Transport Authority Motion
The Alliance approaches all parties on the Bristol City Council and the Conservative Party agrees to submit a motion to the Tuesday 24th July full Council meeting in support of the creation of a Transport Authority for the Greater Bristol Region as follows:
Please note that the motion below has been received for the Meeting of Full Council scheduled for 24th July 2007, which is the first motion received for that meeting:
Cllr Richard Eddy to move
'This Council supports the principle of setting up a Strategic Transport Authority for the Greater Bristol Region recognising the opportunities raised in the Government's Local Transport Bill to improve powers over the bus service and related matters'.
The Alliance will be attending the 24th July meeting at which the petition (both e-petition and paper petition) will be presented by Charlie Bolton, Green Councillor for Southville.The Alliance will talking to all parties in the run up to the meeting in order to get as many votes in favour of a Transport Authority as we can.
Draft Local Transport Bill
The Government publishes its Draft Local Transport Bill which contains provision for Local Authorities that do not currently have Transport Authorities to ask for one to be created in their area without the need for new legislation.
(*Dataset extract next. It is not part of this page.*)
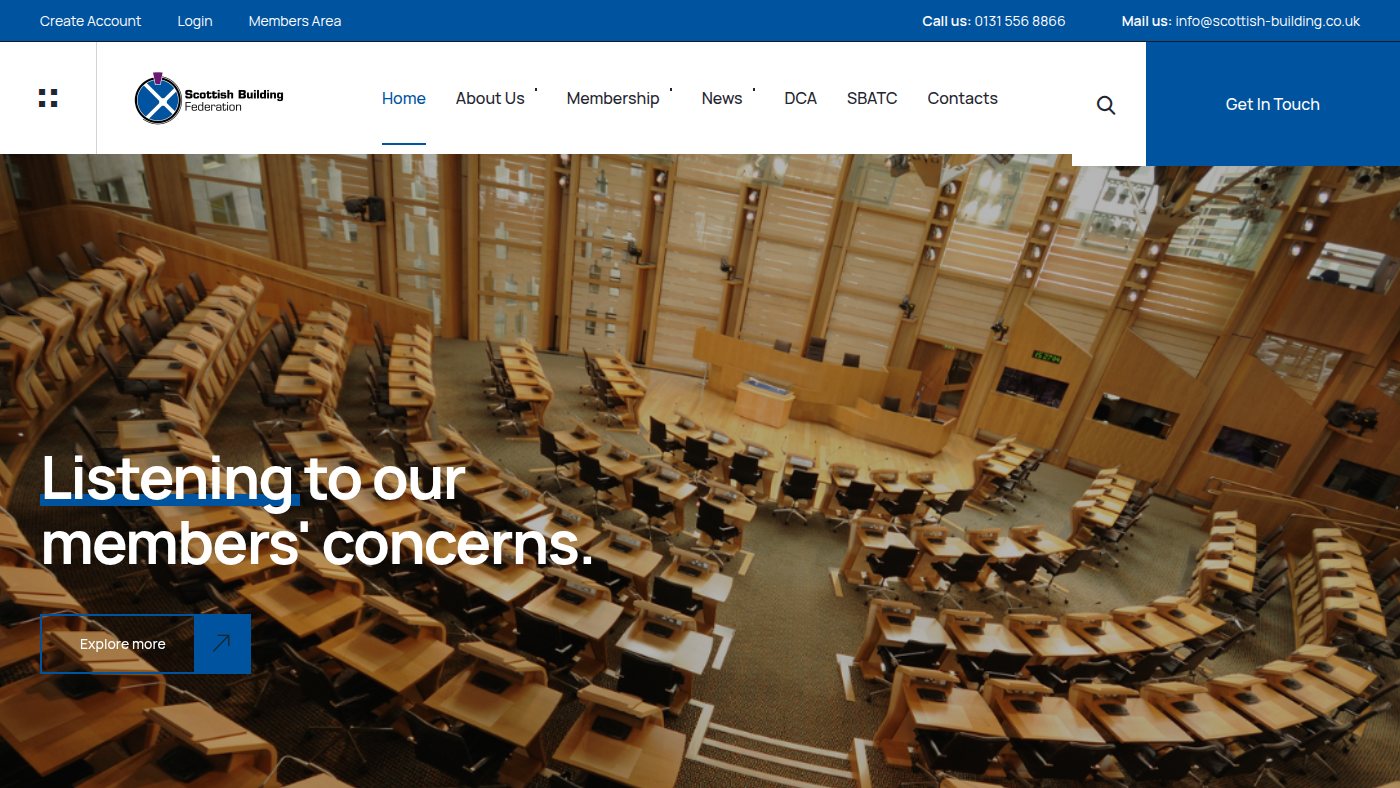 The home page of scottish-building.co.uk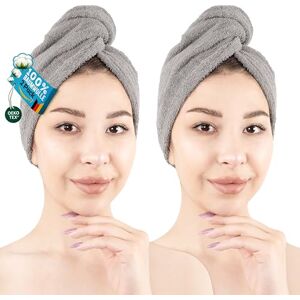Hammetex Lot de 2 Serviettes pour Cheveux avec Bouton, 100% Coton, Séchage Rapide, Absorbant, Certifiées Oeko-TEX, Gris Clair - Publicité Hammetex Lot de 2 Serviettes pour Cheveux avec Bouton, 100% Coton, Séchage Rapide, Absorbant, Certifiées Oeko-TEX, Gris Clair - Publicité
The same bill introduces bus reform including Quality Contracts which will allow a more simplified franchising of a bus network by a Transport Authority (similar to the current situation in London) a measure that has been lobbied for by existing PTAs. This would a big step forward to re-exerting local control of the bus network.
Manifesto sent to 106 candidates
The Alliance wrote to all 106 candidates in the Bristol City Council elections, sending them a copy of our Manifesto and two demands and asking them to support the creation of a Transport Authority. Replies in support were received from members of the Labour, Liberal Democrat and Green parties. At a hustings on transport organised by Friends of Suburban Bristol Railways, candidates from all parties in local elections expressed support for a Transport Authority.
20 groups are so far supporting the manifesto
The Council Labour Group have set up a Council epetition proposing that the Council introduces a speed limit of 20mph in residential areas. This is a key demand in our manifesto so please support it via:
New groups supporting Manifesto
Alliance against the South Bristol Ring Road and Sustainable Southville are the most recent groups to sign up to the Manifesto ? the total is now 15 groups.
Council ePetition launched
A Bristol City Councilor, Charlie Bolton (Green Party) supported the Manifesto by setting up an ePetition, as covered in the Evening Post.
The Transport for Bristol Manifesto was launched on 6th November outside Bristol Council House.
The launch was fully covered in the local press, Bristol Evening Post, Bristol Observer and Venue Magazine. It was also covered in some key national press like Local Transport Today, Planning magazine and the Surveyor.
The Alliance wrote to all the political parties asking them to support the Manifesto and consider demanding more powers and funding from national government.